Na decisão de Cipriano, assinada na terça-feira, 1º de outubro, o magistrado afirma, de início, que “o réu teve prisão decretada por indícios abordados na decisão originária relacionados à garantia ordem pública, que sequer foram referidos ou cotejados pela defesa, razão pela qual ainda subsistem”.
“Ademais, o réu se encontra foragido até o momento, o que indica que tem a intenção de se furtar à aplicação da lei penal”, continuou o juiz.
Em seguida, Cipriano rebate a ameaça de enquadramento e ainda determina o envio de ofício à OAB “para que apure a conduta do advogado” por “inépcia profissional” – embora o atual presidente da entidade, Felipe Santa Cruz, ex-candidato a vereador do Rio de Janeiro pelo PT, seja favorável à Lei de Abuso de Autoridade.
Leia este trecho da decisão:
“Com relação à referência feita pelo advogado à Lei 13.869/2019, em letras garrafais, negritadas e sublinhadas, permito-me fazer breves pontuações.
Em primeiro lugar, o advogado que profere ameaça contra um juiz para o caso de indeferir seu pedido esta promovendo um ataque contra o Estado Democrático de Direito, na medida em que criminaliza a diferença de pensamentos e quer um Poder Judiciário atuando por receio de consequências pessoais.
A vida adulta exige de todos nós (os advogados inclusos) maturidade e equilíbrio suficientes para respeitar a discordância – sem falar que o sistema brasileiro de justiça possui uma miríade de instrumentos processuais para que a divergência seja debatida em órgãos colegiados superiores.

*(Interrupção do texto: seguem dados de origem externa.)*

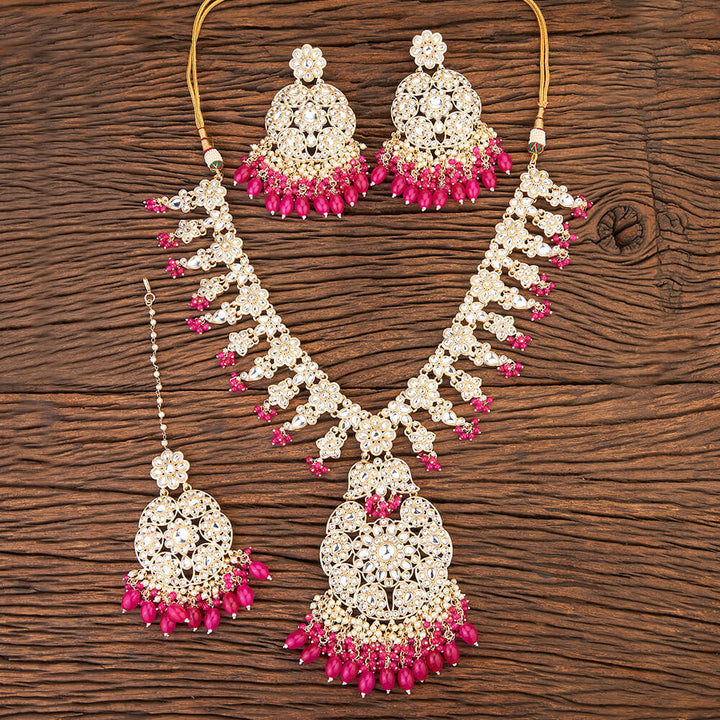 Indo Western Beads Necklace With Gold Plating 109449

Esse estado de coisas é a realidade de vida dos membros do Poder Judiciário, que diuturnamente veem suas decisões sendo combatidas em instâncias superiores e não raro recebem a discordância dos tribunais na forma de reformas e anulações – sem que isso impeça o imediato cumprimento com a manutenção de respeito pelas instituições do País.

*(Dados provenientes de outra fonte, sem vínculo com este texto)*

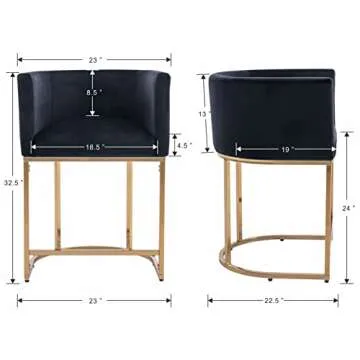 RIVOVA Contemporary Black Velvet Bar Stools Set of 3, 24" Upholstered Fabric Counter Height Barstools Kitchen Counter Island Stools with Screwed Together Golden Metal Base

Além disso, a alegação deve ser analisada com cautela por este juízo, na medida em que tem a responsabilidade de assegurar a efetiva defesa técnica ao réu, nos termos do enunciado 523 do Supremo Tribunal Federal (‘No processo penal, a falta da defesa constitui nulidade absoluta, mas a sua deficiência só o anulará se houver prova de prejuízo para o réu’).
Causa surpresa que, ao tempo em que o advogado enuncia a presunção de inocência em favor de seu cliente, indique em sua petição que este magistrado pode ser criminalmente responsabilizado por uma lei que sequer entrou em vigor, já que ainda obedece período de vacatio legis de 120 (cento e vinte) dias.
Além disso, passa em branco na sua manifestação que os crimes criados por essa lei dependem de elementos subjetivos específicos descritos no art. 1º, §1º. Vejo com cautela e preocupação, destarte, que a defesa técnica de Antônio Machajeski no processo criminal aparentemente desconheça conceitos tão elementares ao Direito Penal como vigência, vacatio legis, irretroatividade da lei penal maléfica e dolo específico ou elemento subjetivo específico do tipo.
Por essas razões, OFICIE-SE à Ordem dos Advogados do Brasil para que apure a conduta do advogado, sob o manto do art. 34, XXIV, da Lei 8.906/94 (‘Constitui infração disciplinar: […] incidir em erros reiterados que evidenciem inépcia profissional’).
ADVIRTO o causídico peticionante que a advocacia é constitucionalmente essencial à justiça na medida em que eleva o debate processual ao nível técnico e dogmático necessário para que as decisões do Poder Judiciário possam encontrar sua legitimidade. Não faz parte desse quadro a utilização de ameaças atécnicas proferidas contra magistrados como argumento de autoridade, da mesma maneira que o advogado também não quer ter a sua profissão criminalizada.
Além disso, ADVIRTO o advogado de que suas manifestações devem gozar de caráter técnico adequado, sob pena de o réu ser considerado indefeso e o processo ter nulidade reconhecida, nos termos da jurisprudência sumulada adrede citada.”